Columbus, according to his own statement, entered Spain after fourteen years spent in vain labors in Portugal. As a matter of fact, his stay there did not at the utmost exceed ten years, probably only five or six. He came accompanied by his son Diego, for Felipa, beautiful daughter of the Convent of Saints, had probably died soon after Diego's birth. Furthermore, he quitted Portugal, for what reason may never be known, "secretly at night."

In Spain Columbus's first objective was Palos. Here, at the monastery of La Rábida, whose guardian, Antonio de Marchena, the future discoverer is said to have known in Portugal, he found lodgings for himself and a temporary home for his son.

It use to be the unquestioned belief that the views regarding the proximity of eastern Asia to western Europe, which Columbus is known to have come to entertain, were due to a letter sent him, about 1480, by Paolo Toscanelli, a distinguished Florentine astronomer. The letter was accompanied, so it was claimed, by a chart of the confronting European and Asiatic seaboards, which Toscanelli himself had drafted, showing Antillia and Japan as, so to speak, halting points or stepping-stones across the intervening Atlantic Ocean. But the belief in a Toscanelli letter no longer is unquestioned. Consult the writings of Vignaud and of Bourne.

The supposition is that at Palos, which as a seaport was the resort of mariners and where there were many Portuguese, Columbus counted upon obtaining special information with regard to the landfall of some particular early voyage or voyages into the West.

But if Palos was Columbus's first objective in Spain, his second was the Court of the Spanish sovereigns, Ferdinand and Isabella. To these personages Columbus worked his way, so to speak, by the influence of the Duke of Medina Coeli, who had wealth; and who at first contemplated assuming in the schemes of Columbus a role not unlike that of Estreito in the project of Behaim. But, coming to realize that the affair was one to be accomplished successfully only under royal patronage, the Duke applied to the sovereigns, who commanded that Columbus himself be sent to Court.

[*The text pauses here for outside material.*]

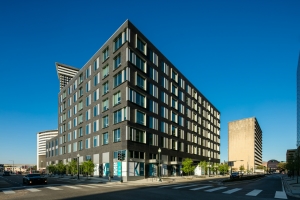 The Beacon 32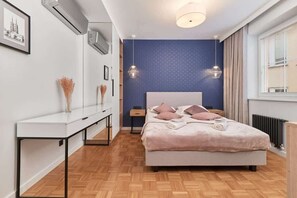 2 habitaciones, escritorio, tabla de planchar con plancha y wifi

Cordova now for some time had been the seat of government, and here Columbus arrived on January 20, 1486. The sovereigns were then absent, but returned at the end of April or first of May, and the coveted audience took place. What occurred is not known. Presumably Ferdinand and Isabella, after a courteous hearing, smilingly put by the question of exploration, for they referred it to the Queen's confessor, Hernando de Talavera, an ecclesiastic by no means ungenerous or bigoted, with instructions to summon a council for its consideration. As for the council, not a soul who was a member ever revealed aught of its composition or doings, save Dr. Rodrigo de Maldonado, who says that men of science and mariners were in attendance, no less than literary men and theologues, and that Columbus himself was subjected to interrogation.

Talavera's council conferred at intervals for five years, often at Salamanca, and at length, late in 1490, reported adversely for Columbus, and the sovereigns accepted the report. In the life of the great Italian adventurer, our future discoverer and admiral, these five years are among the most interesting and significant. They mark, it is true, a moral and material decline, but, like the first years in Portugal, they mark an intellectual advance.